7_-Ireland-Same-Sex-Marraige

Dublin murals Photo source: www.theplaidzebra.com

Mother Ireland is poised to send forth another ripple of hope on May 22, 2015 when the marriage equality referendum hands her an opportunity to become the first country to legalize same-sex marriage by popular, national vote. A seminal moment for a tiny country of less than 5 million people, an island where homosexuality was still a crime just 22 years ago, where divorce did not become legal until 1997, and where a woman still must travel to another country to have a legal abortion.

In the gay rights movement, the current is building. In the 1970’s the first ripple of hope was sent forth by David Norris, then a Professor of English at Trinity College Dublin. Founder of the Irish Gay Rights Movement, the National Gay Federation and the Campaign for Homosexual Law Reform, in 1977 he initiated the legal action to decriminalize homosexuality in Ireland, arguing that the laws violated the Irish Constitution’s position on privacy.
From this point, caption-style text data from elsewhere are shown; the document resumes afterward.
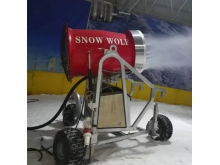 冬天滑雪设备厂家雪狼款人工造雪机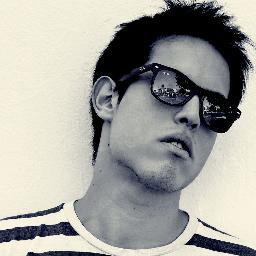Comunicador, amante del arte, nuevas experiencias y la música fuera de lo común.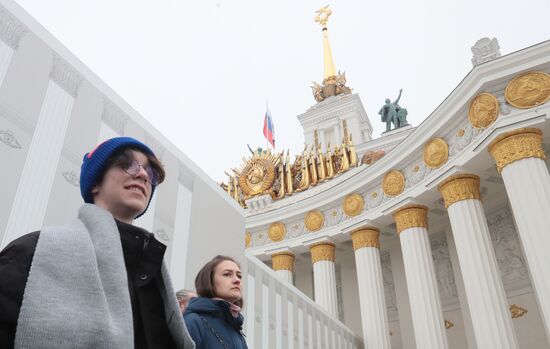 Международная выставка-форум "Россия"
Экскурсия для участников проекта "1000 юных футболистов"
Место: Россия, Москва. Автор: Виталий Белоусов/РИА Новости. Выставка "Россия". Экскурсия для участников проекта "1000 юных футболистов"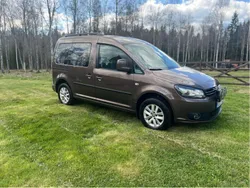 Brun Begagnad 2014 VW Caddy Minibuss | 99 000 kr (Lite dyr)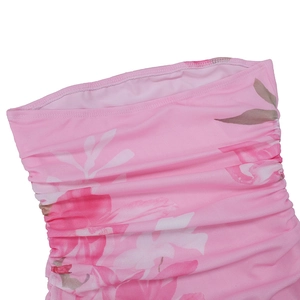 Vue détaillée du tissu en maille rose à imprimé fleuri avec texture froncée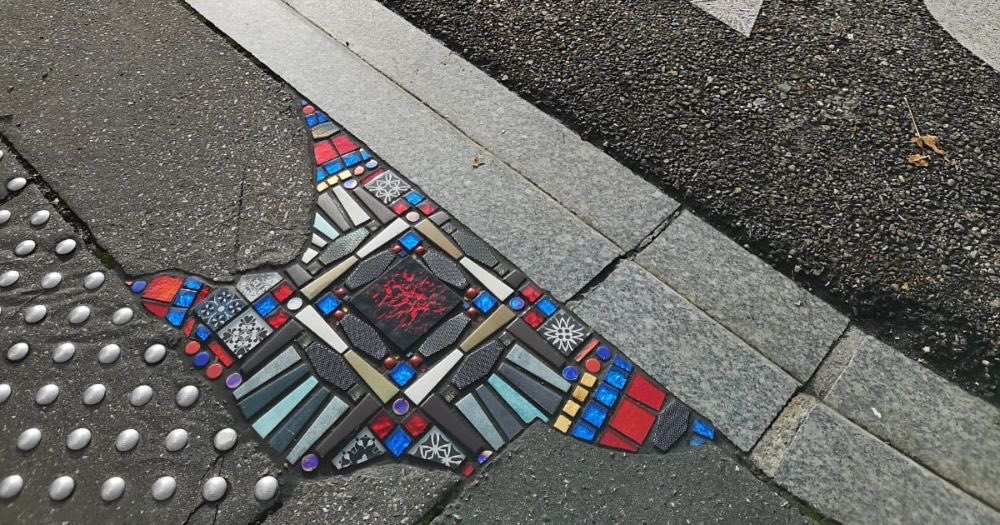 There is a group of folk going around filling pavements and cracks with mosaics. I’m having problems getting tweets out…Sorry. The brainchild of this operation on the streets is from Lyon ‘Ememem ‘Pavement Surgeon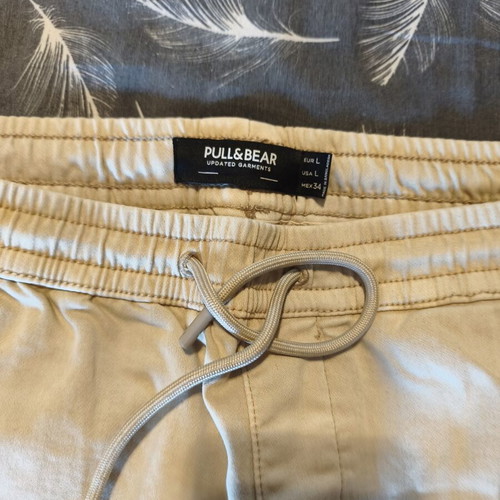 Pull & Bear men's pants size 34 new, beige, elastic fabric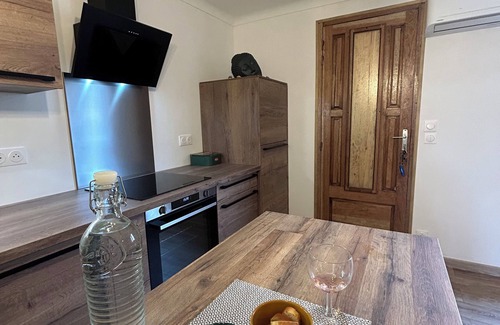 Monacia-d'Aullene Apartamento | A 10 mn des Plages, Appartement Refait à Neuf au Cœur D'un Village Authentique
In 1980, his case was defeated in the High Court. On appeal, it was defeated by a ruling of three to two, but in 1988, Norris v Ireland was successful at the European Court level, in his challenge of the constitutionality of criminalizing certain homosexual acts. Just five years later, victory. The law was changed – homosexuality in Ireland was no longer a crime with the Former Tánaiste, Eamon Gilmore, asserting rightly that

The sexual activities of consenting adults in the privacy of their home are a matter for the people concerned and should not be the business of the Dáil, the Garda or anybody else, including the peeping Toms of the self-appointed moral police from whom we hear a great deal nowadays


With the appointment of the first openly gay Minister, Health Minister Leo Varadkr, in 2015, it seems the tide has turned, but Gilmore, perhaps recalling the late 1980s,  cautions against complacency, reminding the electorate that not everyone who supports marriage equality will necessarily vote, but that those who are “highly motivated to block this referendum from passing” will be sure to vote.
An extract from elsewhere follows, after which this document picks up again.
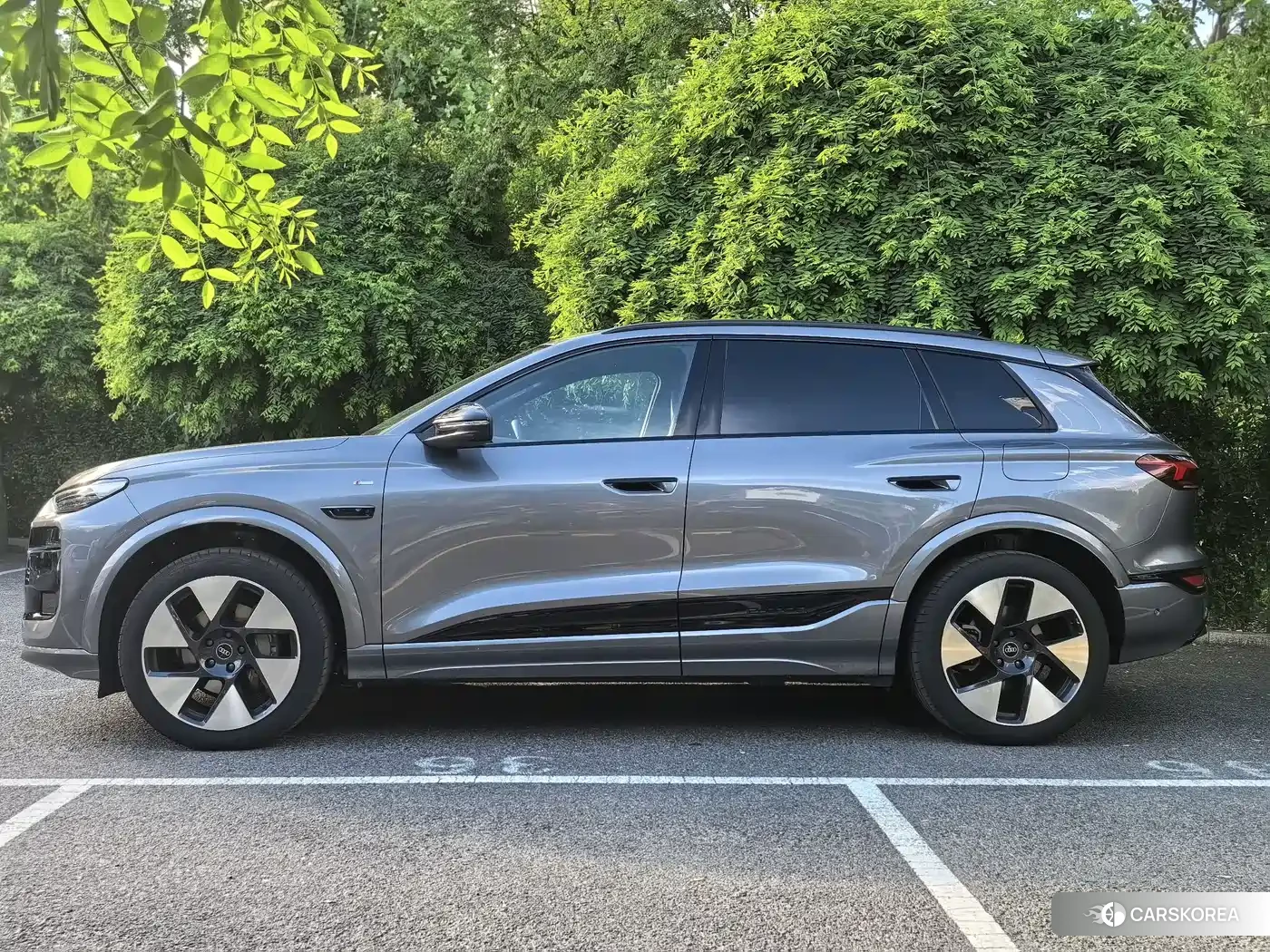 Audi Q6L 2025 Silver/gray из Китая, фото 6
Then there is what Independent Senator Rónán Mullen characterizes as a “silent dissent.”

Mullen “guesses most politicians will vote against it . .. but nobody will ever know.” While he does not name names, saying “that’s not the way you do business,” he would have us all believe that there is significant and strident opposition, that the sky is falling.

No.

The sky is not falling. The walls are coming down . . .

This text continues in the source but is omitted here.